Вед.: В советское время было по-разному, но, как говорится, запретный плод был сладок. А Запад был этим самым запретным плодом. У интеллигенции и тех же номенклатурных работников был большой интерес к Западу, у их детей, я этот период помню в 70х, было даже своеобразное поклонение Западу.
Ведь невозможно отрицать, что Пушкин, Достоевский, Шекспир и Данте – это все-таки явления очень родственных культур, если не единого пространства культур. И хоть Россия уникальная и специфическая, со своим путем и историей, но она все-таки часть Европы, по крайней ее европейская часть России географически входит в этот континент.
Ну и плюс, единое религиозное пространство, хотя на этот счет есть разные точки зрения, это христианский все-таки мир. Как вы считаете, когда возникло это расхождение, нестроение России и Запада? Когда и как?

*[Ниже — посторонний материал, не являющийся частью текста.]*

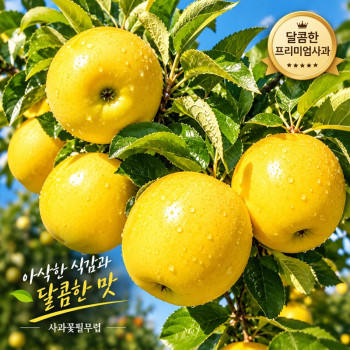 [사과꽃필무렵] 경북 안동 새콤 달콤 2026년 꿀 햇 시나노골드 사과 가정용 중과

— Безусловно, Россия – это часть европейской цивилизации, или отдельная ветвь европейской цивилизации. Как справедливо заметил когда-то Шарль до Голь, Европа простирается от Лиссабона и до Владивостока. Все заигрывания с тот идеей, что в нас кусок Азии какой-то присутствует, это конечно от лукавого. Я, по крайней мере, с этим абсолютно согласен. Мы европейская цивилизация, но восточно-европейская цивилизация. Вот как после раскола появилась западная и восточная церковь — мы как раз ветвь того восточного направления европейского, заложенного греками, пришедшего к России, как преемнице погибшей Византийской цивилизации. После Византии не осталось ни одного православного государства, кроме Московского княжества. И не являемся продолжением, но мы наследники Византийской цивилизации. Отсюда и расхождения.
Между западно-европейской цивилизацией, наследниками Западной Римской Империи и Восточной существовали серьезные противоречия еще полторы тысячи лет назад. Собственно эти противоречия только углублялись, и все это закончилось для Византии достаточно плачевно. Мы знаем, что в гибели Византии Западная Европа и Рим сыграли ключевую роль. А захват Византии Османской Империей – это уже следствие той борьбы, которая шла между западом и востоком. Собственно, оттуда и начались все расхождения, а Россия просто продолжательница своих собственных традиций и эти традиции и повлекли ту конфронтацию с Западом, которая длится по сегодняшний день.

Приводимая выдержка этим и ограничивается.